New to SAS and would appreciate advice and help on how best to handle this data mangement situation.
I have a dataset in which each observation represents a client. Each client has a "description" variable which could include either a comprehensive assessment, treatment or discharge. I have created 3 new variables to flag each observation if they contain one of these.
So for example:
treat_yes = 1 if description contains "tx", "treatment" dc_yes = 1 if description contains "dc", "d/c" or "discharge" ca_yes = 1 if desciption contains "comprehensive assessment" or "ca" or "comprehensive ax"
My end goal is to have a new dataset of clients that have gone through a Comprehensive Assessment, Treatment and Discharge.
I'm a little stumped as to what my next move should be here. I have all my variables flagged for clients. But there could be duplicate observations just because a client could have come in many times. So for example:
Client_id treatment_yes ca_yes dc_yes
1234 0 1 1
1234 1 0 0
1234 1 0 1
All I really care about is if for a particular client the variables treatment_yes, ca_yes and dc_yes DO NOT equal 0 (i.e., they each have at least one "1". They could have more than one "1" but as long as they are flagged at least once).
I was thinking my next step might be to collapse the data (how do you do this?) for each unique client ID and sum treatment_yes, dc_yes and ca_yes for each client.
Does that work?
If so, how the heck do I accomplish this? Where do I start?
thanks everyone
Thank you both!
For some reason when I was trying both of your proc sql codes I kept on getting a syntax error.
What I ended up using was this:
proc sql;
create table temp_collapse as
select distinct mrn,
sum(tx_yes) as tx_yes,
sum(ca_yes) as ca_yes,
sum(dc_yes) as dc_yes
from collapsed_data
group by mrn;
quit;
thanks!
You have a few options.
Proc SQL is a good one, proc means is another.
Proc sql;
Create table want as
Select id, max(treatment_yes) as treatment, max(ca_yes) as ca, max(dc_yes) as dc, sum( calculated treatment, calculated ca, calculated dc) as number_vars
from have
Group by id
Having calculated number_vars=3;
Quit;
proc sql;
create table want as
select
client_id,
max(treatment_yes) as treatment_yes
max(ca_yes) as ca_yes,
max(dc_yes) as dc_yes
from have
group by client_id
;
quit;
Thank you both!
For some reason when I was trying both of your proc sql codes I kept on getting a syntax error.
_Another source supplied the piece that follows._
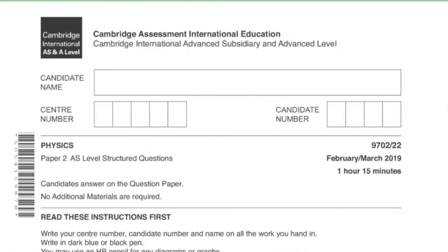Hello, this is Sarin from Examha. Today I'll be solving Physics Paper 2, AS Level structured questions, 9702, Paper 2 Variant 2, February/March 2019.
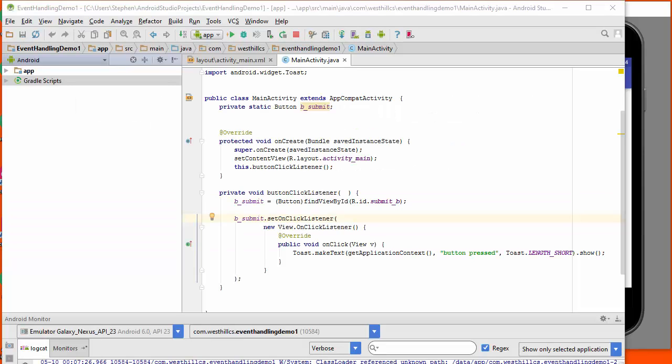As we work on our Android Studio projects, we're going to repeatedly run into this capital R class. I wanted to take a minute to describe exactly what that is.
What I ended up using was this:
proc sql;
create table temp_collapse as
select distinct mrn,
sum(tx_yes) as tx_yes,
sum(ca_yes) as ca_yes,
sum(dc_yes) as dc_yes
from collapsed_data
group by mrn;
quit;
thanks!
Yeah, I mistakenly omitted a comma from my code. Comes from not testing 😞
Thanks Kurt!
I actually couldn't figure out where the comma was left out. I tried many variations of your code.
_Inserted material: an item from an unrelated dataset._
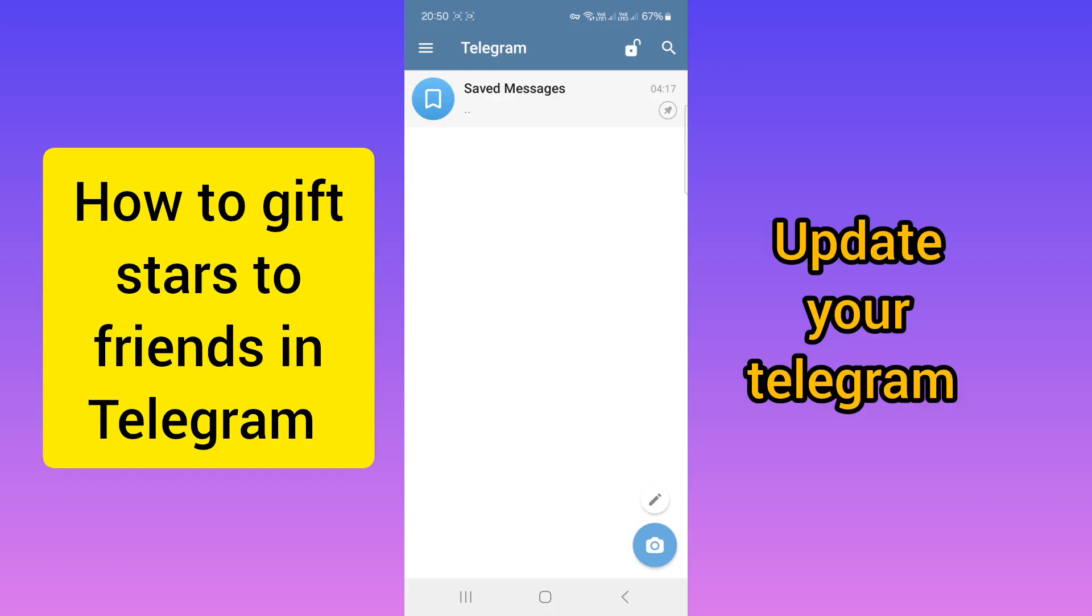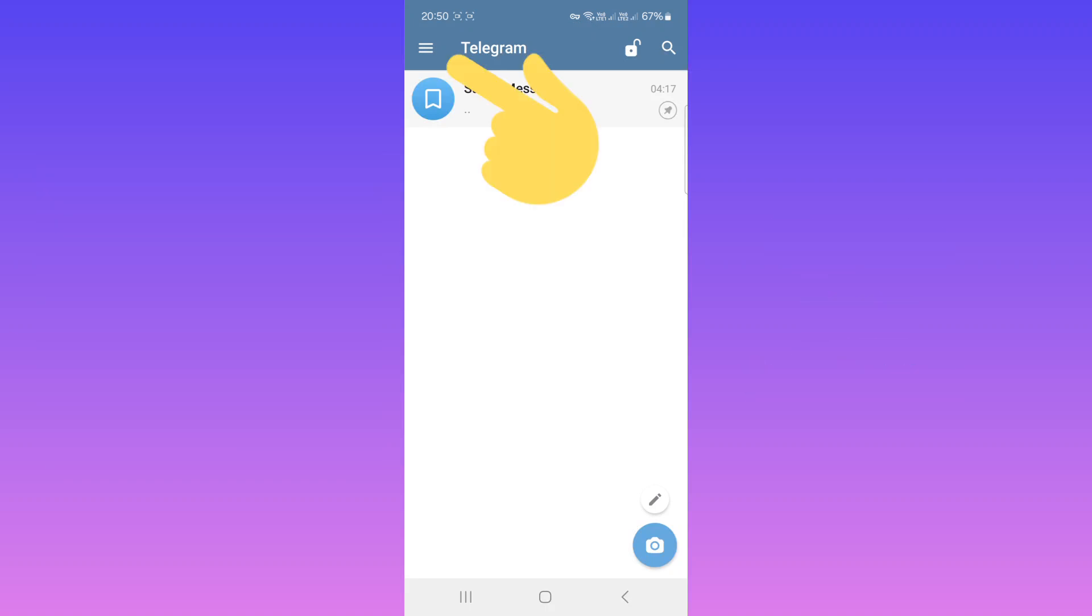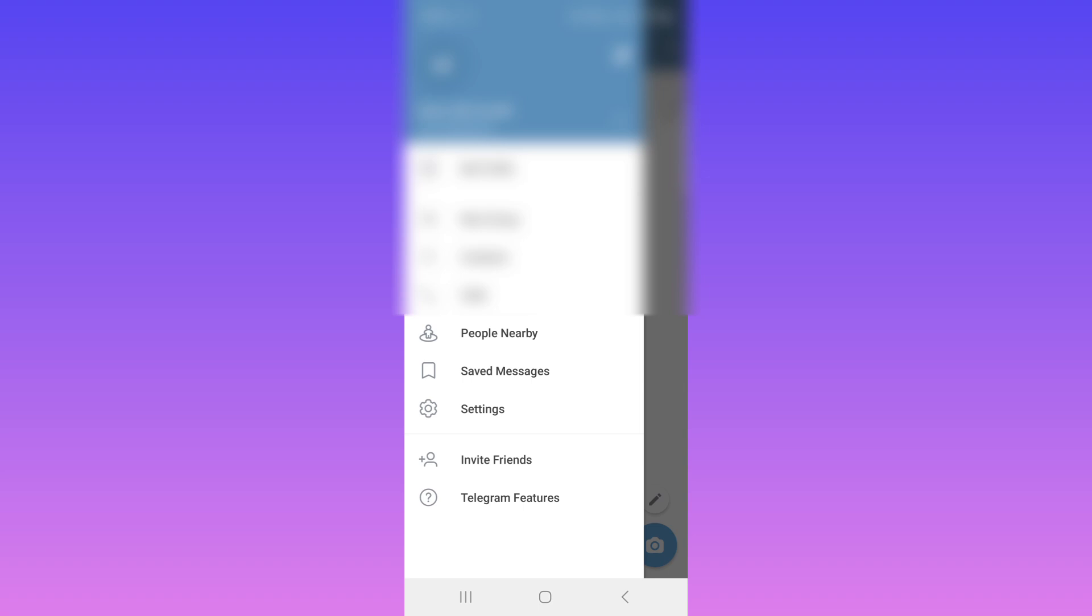Hello everyone. First, open your Telegram. On the top, tap on the three lines, then tap on Settings.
Just so I can learn, where should the comma have been? It looks identical to the code I used in terms of syntax the only difference being I used the word DISTINCT. I thought maybe this was why you code wasn't working.
In my code you would need WHERE instead of HAVING.
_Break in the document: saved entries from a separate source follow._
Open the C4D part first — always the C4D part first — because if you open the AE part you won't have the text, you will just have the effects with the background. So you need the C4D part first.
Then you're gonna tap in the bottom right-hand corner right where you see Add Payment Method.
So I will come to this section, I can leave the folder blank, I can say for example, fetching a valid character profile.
In SQL, commas are needed to separate members of lists.
In a select, the elements need to be separated by a comma, but at the end (before the keyword from) there must be no comma, as a different part of the statement begins.
In my style of writing (every element on its own line) there should be a comma on every line of the select part, with the exception of the last.
weird...my code didn't require a comma after each select line (as you can see from above in my solution).
Anyways, thanks very much!
Each item in select statement has a comma except for last.
Your solution does have this.
From your code snippet:
select distinct mrn,
sum(tx_yes) as tx_yes,
sum(ca_yes) as ca_yes,
sum(dc_yes) as dc_yes
You can see the commas, and the (correctly) missing comma in the last line.